June 29, 2009, - 11:57 am

Survey: America Has Lost the Culture War – Biggest Generation Gap Since Vietnam War (Led by Obama)

By Debbie Schlussel
A new Pew Research Center survey is disturbing and not for the reasons that it’s getting a lot of mainstream media attention.
The survey gauges views and opinions of several different age groups in America, and is being touted far and wide for showing that the older the age group, the older they consider the age at which “old age” begins. Well, that’s not surprising. And it’s not the important part of the survey.
This part, below, is the noteworthy part, and it shows we’ve lost the cultural war. Yes, I know, one survey–done by a left-skewing polling house–isn’t the end all, be all. But I think we all know that these results are accurate. The younger generations in America–our nation’s future–are liberal on most social issues. And it looks like Barack Hussein Obama is the godfather of it all (not that this is a surprise).

generationgap.jpg

Even more scary, the poll found the biggest generation gap in these views since the Vietnam War.
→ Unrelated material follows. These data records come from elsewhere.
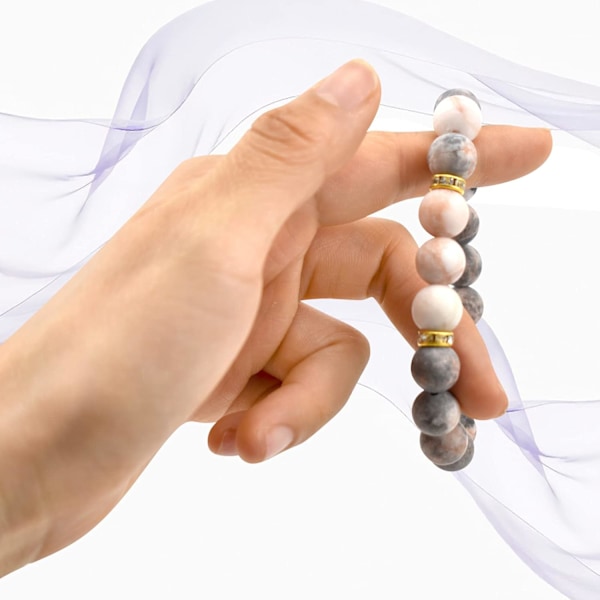 1 stk. Kvinders Angst Krystal Armbånd Chakra Perler Armbånd Rose Kvarts Krystaller Og Helbredende Sten Yoga Perle Armbånd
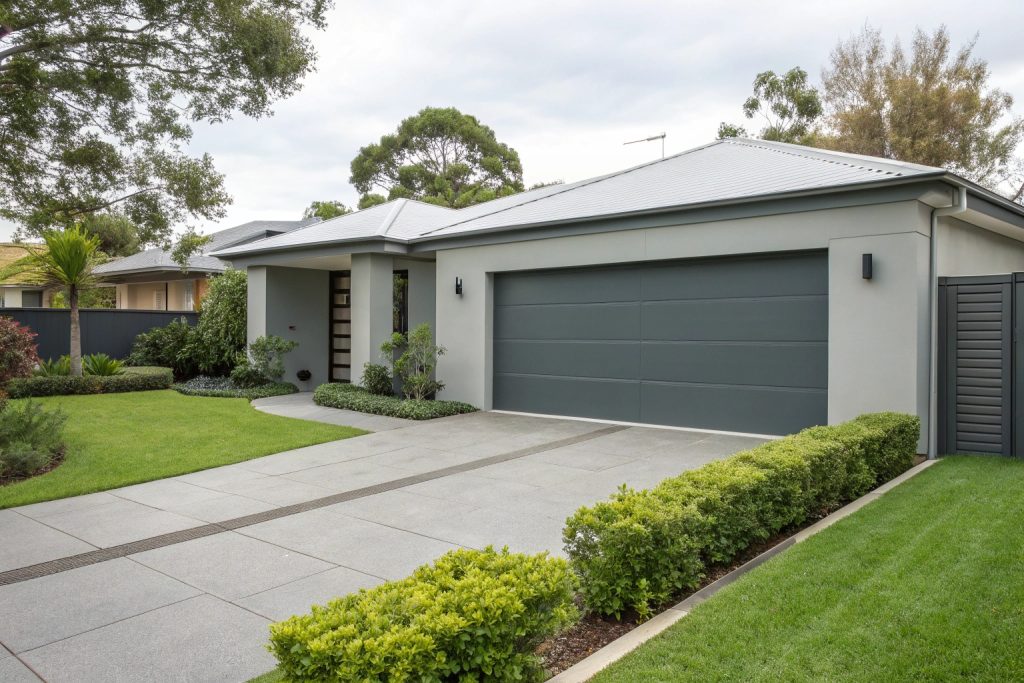Modern garage door installation on Miranda coastal home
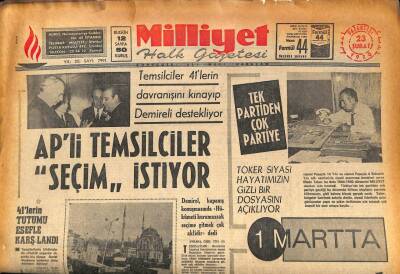 Milliyet Halk Gazetesi 23 Şubat 1970 - ODTÜde İstifalar Geri Alınıyor GZ86395 - 1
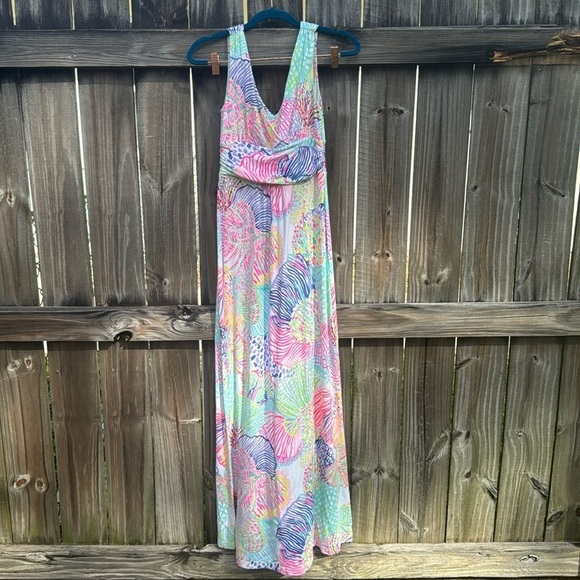 Lilly Pulitzer SLOANE MAXI DRESS Roar Of The Seas Multi Floral Coral Sz XS - Picture 2 of 6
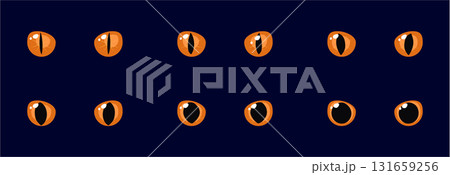 Set of orange glowing eyes dark background fantasy magic cartoon animal reptile feline mammal monster demon 131659256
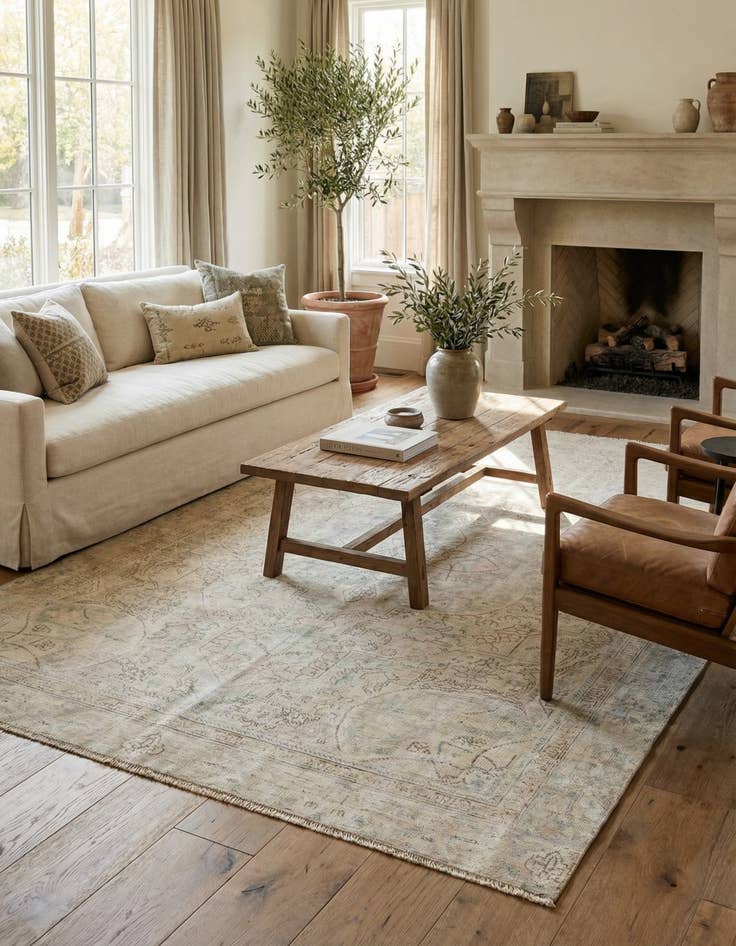 Detail image of 6' 2 x 8' 10  Hand Knotted Ultra Vintage Persian Wool Rug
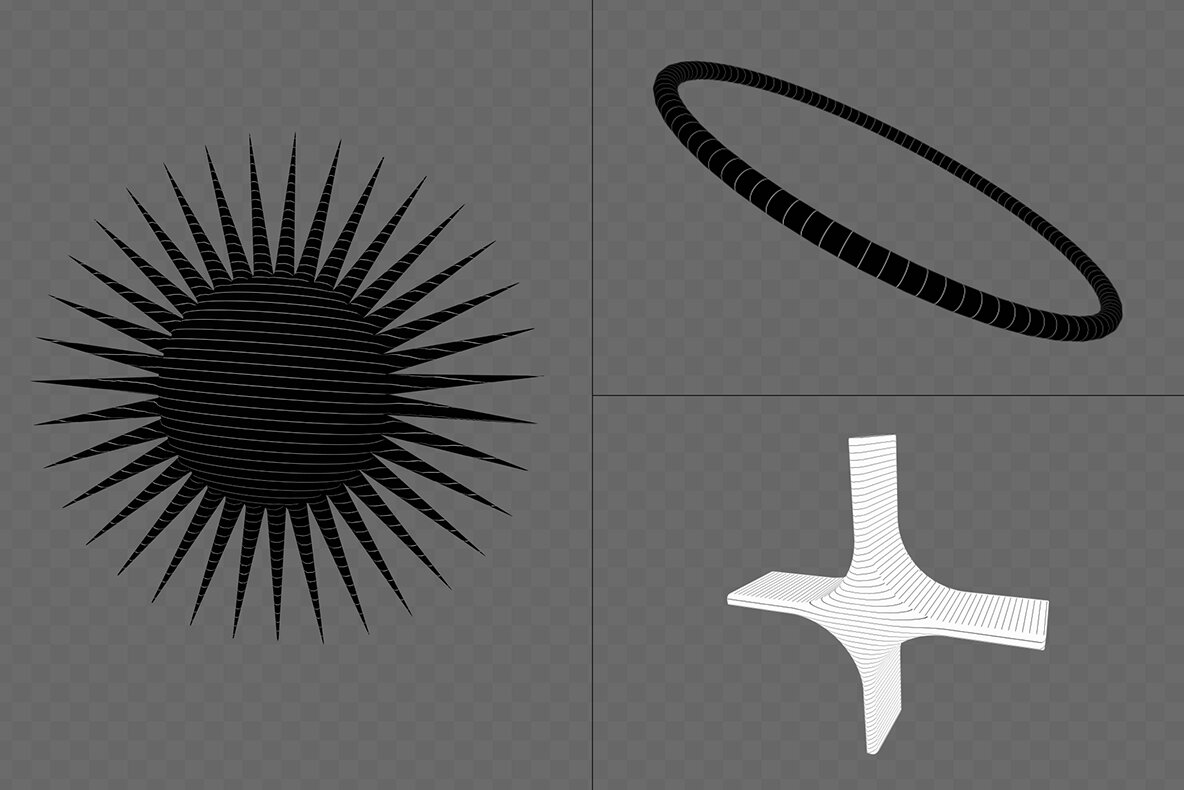 390 Lines   Dots 3D Shapes 12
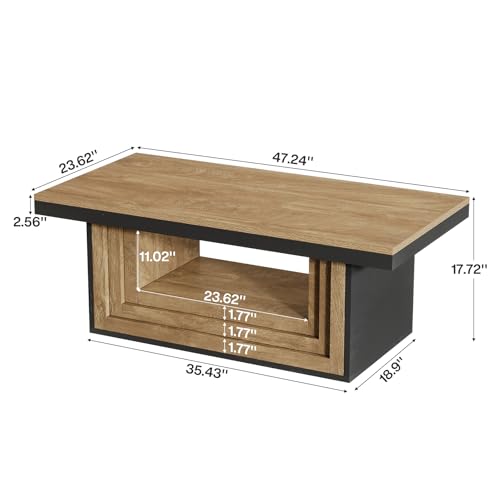 Tribesigns 47-Inch Farmhouse Rectangle Cocktail Living Room Coffee Table with Open Storage, Rustic Wood Fluted Center Table with Shelves, Brown and Black Tea Furniture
Younger and older Americans see the world differently, creating the largest generation gap since the tumultuous years of the 1960s and the culture clashes over Vietnam, civil rights and women’s liberation.
A new study released Monday by the Pew Research Center found Americans of different ages increasingly at odds over a range of social and technological issues. It also highlights a widening age divide after last November’s election, when 18- to 29-year-olds voted for Democrat Barack Obama by a 2-to-1 ratio.
Almost eight in 10 people believe there is a major difference in the point of view of younger people and older people today, according to the independent public opinion research group. That is the highest spread since 1969, when about 74 percent reported major differences in an era of generational conflicts over the Vietnam War and civil and women’s rights. In contrast, just 60 percent in 1979 saw a generation gap.

One caveat: seeing a generation gap doesn’t mean there is one. But in this case, I think there is.

Asked to identify where older and younger people differ most, 47 percent said social values and morality. People age 18 to 29 were more likely to report disagreements over lifestyle, views on family, relationships and dating, while older people cited differences in a sense of entitlement. Those in the middle-age groups also often pointed to a difference in manners.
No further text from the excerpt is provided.